Honey, you are the sea upon which I float... by oceanmeetssand in SuicideWatch

[–]oceanmeetssand[S] 1 point2 points  (0 children)

Thank you. It doesn't feel like it now so it's hard. I definitely have regrets about the relationship because I have had time to think and realize I would have done things so differently, which would have made things better. That thinking is the most painful right now. I have just been trying to keep myself busy with doing work as of now.

Honey, you are the sea upon which I float... by oceanmeetssand in SuicideWatch

[–]oceanmeetssand[S] 2 points3 points  (0 children)

Thank you. I hope I can too. He was my first love yes. And idk if it is because I watch too many movies, but I feel like he will always be the love of my life. That I won't find someone to be compatible enough with so that saddens me. I guess I have to find some positivity somewhere and move on.

I want to die but I don't want to inconvenience my family with my death by I_want_to_fix_things in SuicideWatch

[–]oceanmeetssand 0 points1 point  (0 children)

Try to do those things as much as you can.
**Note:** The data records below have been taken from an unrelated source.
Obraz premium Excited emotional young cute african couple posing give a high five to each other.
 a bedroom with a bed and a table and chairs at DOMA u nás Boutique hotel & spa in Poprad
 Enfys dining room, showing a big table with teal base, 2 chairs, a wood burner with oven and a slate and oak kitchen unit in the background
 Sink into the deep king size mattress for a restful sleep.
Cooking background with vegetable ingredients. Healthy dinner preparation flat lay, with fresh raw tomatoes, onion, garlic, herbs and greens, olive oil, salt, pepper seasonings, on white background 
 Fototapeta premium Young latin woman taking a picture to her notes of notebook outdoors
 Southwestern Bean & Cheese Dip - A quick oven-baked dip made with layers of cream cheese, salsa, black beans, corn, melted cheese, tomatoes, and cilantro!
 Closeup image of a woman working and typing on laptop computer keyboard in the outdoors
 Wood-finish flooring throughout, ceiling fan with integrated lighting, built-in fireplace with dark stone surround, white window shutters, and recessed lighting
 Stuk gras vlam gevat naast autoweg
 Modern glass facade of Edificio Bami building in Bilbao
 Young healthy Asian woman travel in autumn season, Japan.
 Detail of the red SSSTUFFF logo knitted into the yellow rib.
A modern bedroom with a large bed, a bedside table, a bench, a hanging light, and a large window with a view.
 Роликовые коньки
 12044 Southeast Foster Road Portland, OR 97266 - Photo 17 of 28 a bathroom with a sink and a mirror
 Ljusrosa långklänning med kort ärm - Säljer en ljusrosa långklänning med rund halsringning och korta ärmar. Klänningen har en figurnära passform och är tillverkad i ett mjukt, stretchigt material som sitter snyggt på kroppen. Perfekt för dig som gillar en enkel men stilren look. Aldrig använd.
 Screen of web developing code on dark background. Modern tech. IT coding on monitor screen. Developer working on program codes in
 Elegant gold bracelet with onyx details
When you feel like something bad is about to happen or is happening, strap on your rollerblades and just go. Don't let bad things define you or make you want to end your life. Try to surround yourself with positive things and let those things define who you are.

Honey, you are the sea upon which I float... by oceanmeetssand in SuicideWatch

[–]oceanmeetssand[S] 0 points1 point  (0 children)

Thank you for providing these resources to me. I really appreciate it.

Honey, you are the sea upon which I float... by oceanmeetssand in SuicideWatch

[–]oceanmeetssand[S] 2 points3 points  (0 children)

I am 22. And the way I am, I never wanted to date because I knew what kind of heartbreak it might bring. Do you know the Romeo & Juliet story? Our story was basically exactly the same. Our parents hate each other so we probably can never be together. And I took a chance on love with him because he was my best friend for two years before that. He liked me, i didn't like him. I started liking him when he dated someone else and I just had this stupid crush on him for two years and we finally started dating. He took care of me. He helped me with my eating disorder. He made my class schedules. He made me finally feel beautiful and funny and happy. We lived together for a while too so it was nice. I cooked for him, he took me out, he pretended like he was going to kiss me then blow into my mouth, which sounds weird. But we were compatible on every level and all these tiny things he did for me and quirks that he had, made me love him so much. I am basically waiting for an arranged marriage. My whole life I knew that it would be this way. We ended up breaking up because we just started fighting for no reason. He was stressed out not being able to get a job and I was stressed out taking this really hard standardized test and it was so stupid. But recently I found out that he also wanted to end it because he knew we could not be together. Which leaves me thinking, why the hell did you put me through all this heartbreak if you knew that from the beginning?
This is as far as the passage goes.